Nas demais missões, metas como essas pretendem traduzir numericamente resultados que devem vir de uma série de medidas que, ancoradas em normas técnicas e critérios de financiamento de projetos e obras, têm o objetivo maior de adensar as cadeias produtivas e dotá-las de maior complexidade tecnológica, ou maior valor agregado. Outro exemplo: na missão 4, que trata de digitalização e indústria 4.0, o objetivo expresso até 2033 é digitalizar 90% de todos os processos do parque industrial, frente aos atuais 23,5%.

Na missão 5, que trata de bioeconomia e transição energética, o objetivo maior é reduzir em 30% a emissão de CO2 na indústria até 2033, além de aumentar em 50% o uso de biocombustíveis no transporte, no mesmo período. Hoje, essa energia responde por apenas 21,4%. A missão 6, da indústria de defesa, quer obter 50% de autonomia na produção de artefatos e tecnologias no setor.

Para chegar lá, o plano adota princípios de incentivo à indústria brasileira que diminuam a dependência externa, portanto ampliem a capacidade exportadora de bens manufaturados. Um desses princípios é ampliar a parcela de compras públicas junto a fornecedores nacionais, em projetos como o PAC, por exemplo, e em mecanização da agricultura. Os percentuais obrigatórios dessas compras serão definidos pelo CNDI e por câmaras interministeriais, em cada área.

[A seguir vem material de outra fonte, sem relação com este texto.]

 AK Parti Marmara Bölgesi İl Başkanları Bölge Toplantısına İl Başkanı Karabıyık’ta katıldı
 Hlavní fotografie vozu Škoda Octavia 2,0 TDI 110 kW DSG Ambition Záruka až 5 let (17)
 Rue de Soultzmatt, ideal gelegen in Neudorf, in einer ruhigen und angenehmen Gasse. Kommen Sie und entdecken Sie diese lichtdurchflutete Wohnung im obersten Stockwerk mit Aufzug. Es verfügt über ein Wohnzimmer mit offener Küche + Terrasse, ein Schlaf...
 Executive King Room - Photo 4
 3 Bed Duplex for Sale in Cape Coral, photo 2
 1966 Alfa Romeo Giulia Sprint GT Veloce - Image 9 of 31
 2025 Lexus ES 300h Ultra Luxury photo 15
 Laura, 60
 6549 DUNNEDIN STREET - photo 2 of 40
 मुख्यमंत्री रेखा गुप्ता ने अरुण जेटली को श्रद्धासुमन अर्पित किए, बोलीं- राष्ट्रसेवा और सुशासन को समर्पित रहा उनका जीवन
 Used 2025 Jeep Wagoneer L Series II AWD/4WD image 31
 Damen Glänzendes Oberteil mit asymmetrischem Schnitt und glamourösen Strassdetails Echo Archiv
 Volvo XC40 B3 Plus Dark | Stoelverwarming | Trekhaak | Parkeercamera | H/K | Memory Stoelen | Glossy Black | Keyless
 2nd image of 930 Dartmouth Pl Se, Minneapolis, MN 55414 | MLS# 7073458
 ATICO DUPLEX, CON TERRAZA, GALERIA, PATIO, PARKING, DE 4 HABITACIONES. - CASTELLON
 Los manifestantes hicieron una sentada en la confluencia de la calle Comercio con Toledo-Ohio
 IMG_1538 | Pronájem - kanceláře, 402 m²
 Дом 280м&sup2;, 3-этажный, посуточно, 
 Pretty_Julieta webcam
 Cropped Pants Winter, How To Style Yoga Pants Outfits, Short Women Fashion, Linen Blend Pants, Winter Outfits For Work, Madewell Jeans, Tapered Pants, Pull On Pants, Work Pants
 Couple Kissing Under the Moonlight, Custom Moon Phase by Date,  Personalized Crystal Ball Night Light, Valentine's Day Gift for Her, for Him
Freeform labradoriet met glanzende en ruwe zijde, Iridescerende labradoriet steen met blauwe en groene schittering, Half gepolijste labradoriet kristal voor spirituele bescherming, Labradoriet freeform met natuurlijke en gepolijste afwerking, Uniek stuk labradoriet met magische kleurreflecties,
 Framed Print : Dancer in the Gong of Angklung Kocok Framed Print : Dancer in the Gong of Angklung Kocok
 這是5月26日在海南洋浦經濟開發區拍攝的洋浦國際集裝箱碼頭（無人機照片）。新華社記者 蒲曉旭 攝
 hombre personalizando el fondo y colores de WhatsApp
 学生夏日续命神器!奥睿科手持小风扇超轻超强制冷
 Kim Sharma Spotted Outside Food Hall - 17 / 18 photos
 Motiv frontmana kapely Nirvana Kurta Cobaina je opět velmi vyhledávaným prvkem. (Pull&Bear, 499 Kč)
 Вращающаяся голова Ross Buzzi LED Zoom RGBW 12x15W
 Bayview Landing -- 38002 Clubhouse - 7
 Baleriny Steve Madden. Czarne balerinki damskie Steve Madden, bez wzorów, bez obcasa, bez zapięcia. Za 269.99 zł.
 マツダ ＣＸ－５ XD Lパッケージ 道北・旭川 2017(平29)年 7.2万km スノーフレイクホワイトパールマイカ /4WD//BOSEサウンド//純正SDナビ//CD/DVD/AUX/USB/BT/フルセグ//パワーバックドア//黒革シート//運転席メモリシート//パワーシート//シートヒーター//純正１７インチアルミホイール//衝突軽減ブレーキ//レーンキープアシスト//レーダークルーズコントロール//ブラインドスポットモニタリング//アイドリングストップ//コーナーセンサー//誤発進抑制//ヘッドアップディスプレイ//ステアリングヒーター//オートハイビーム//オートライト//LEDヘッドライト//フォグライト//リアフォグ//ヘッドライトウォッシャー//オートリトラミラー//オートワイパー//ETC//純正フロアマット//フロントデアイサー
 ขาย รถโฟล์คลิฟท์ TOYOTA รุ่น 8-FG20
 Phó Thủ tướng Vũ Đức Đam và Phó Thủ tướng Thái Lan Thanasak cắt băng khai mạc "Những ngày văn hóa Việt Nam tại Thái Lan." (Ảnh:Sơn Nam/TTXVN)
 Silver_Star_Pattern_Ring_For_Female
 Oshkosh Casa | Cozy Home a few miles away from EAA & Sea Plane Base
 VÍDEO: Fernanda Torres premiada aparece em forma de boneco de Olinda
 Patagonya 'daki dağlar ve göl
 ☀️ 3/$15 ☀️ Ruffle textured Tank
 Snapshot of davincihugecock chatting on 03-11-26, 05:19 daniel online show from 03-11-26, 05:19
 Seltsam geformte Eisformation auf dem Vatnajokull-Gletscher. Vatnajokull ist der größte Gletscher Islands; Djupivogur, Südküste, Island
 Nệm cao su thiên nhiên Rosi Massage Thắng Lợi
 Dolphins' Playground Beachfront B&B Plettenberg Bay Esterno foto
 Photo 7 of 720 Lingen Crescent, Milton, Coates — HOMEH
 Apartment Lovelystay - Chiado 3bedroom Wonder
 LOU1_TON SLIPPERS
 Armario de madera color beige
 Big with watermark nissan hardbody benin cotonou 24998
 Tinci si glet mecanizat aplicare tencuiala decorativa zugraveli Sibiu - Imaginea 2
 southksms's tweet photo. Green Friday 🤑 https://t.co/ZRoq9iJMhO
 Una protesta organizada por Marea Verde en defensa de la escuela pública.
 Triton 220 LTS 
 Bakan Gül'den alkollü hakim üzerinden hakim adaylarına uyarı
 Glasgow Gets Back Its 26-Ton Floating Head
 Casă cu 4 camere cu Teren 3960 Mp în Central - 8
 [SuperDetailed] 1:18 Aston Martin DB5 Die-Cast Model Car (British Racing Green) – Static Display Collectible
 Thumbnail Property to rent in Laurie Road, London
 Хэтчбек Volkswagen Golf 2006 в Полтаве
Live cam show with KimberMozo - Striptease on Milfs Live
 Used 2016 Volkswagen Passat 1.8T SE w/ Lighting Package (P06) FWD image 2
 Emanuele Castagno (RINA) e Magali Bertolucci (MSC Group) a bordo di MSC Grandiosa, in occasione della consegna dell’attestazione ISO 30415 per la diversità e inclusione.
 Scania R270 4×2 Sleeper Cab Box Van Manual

Outro princípio é a inovação tecnológica, na base de pesquisa e desenvolvimento de produtos cada vez mais sustentáveis do ponto de vista ambiental. As análises de crédito para projetos serão subordinadas a esses objetivos, entre outros.

Não há risco de descontrole fiscal, diz ministro

Geraldo Alckmin reforçou a garantia de que o plano de modernização e expansão da indústria não vai romper metas fiscais nem onerar o Tesouro. Em entrevista à imprensa, disse que o BNDES não vai tomar dinheiro emprestado da União para uso no Plano Nova Indústria.

A insistente pergunta tem origem no último empréstimo que o BNDES tomou ao Tesouro Nacional, de R$ 440 bi, em 2014. O banco afirma que o empréstimo já foi pago. Corre nas redes sociais outro boato, o de que o dinheiro teria financiado países. O BNDES nega, e diz que em gestões petistas apenas financiou projetos nacionais em solo estrangeiro.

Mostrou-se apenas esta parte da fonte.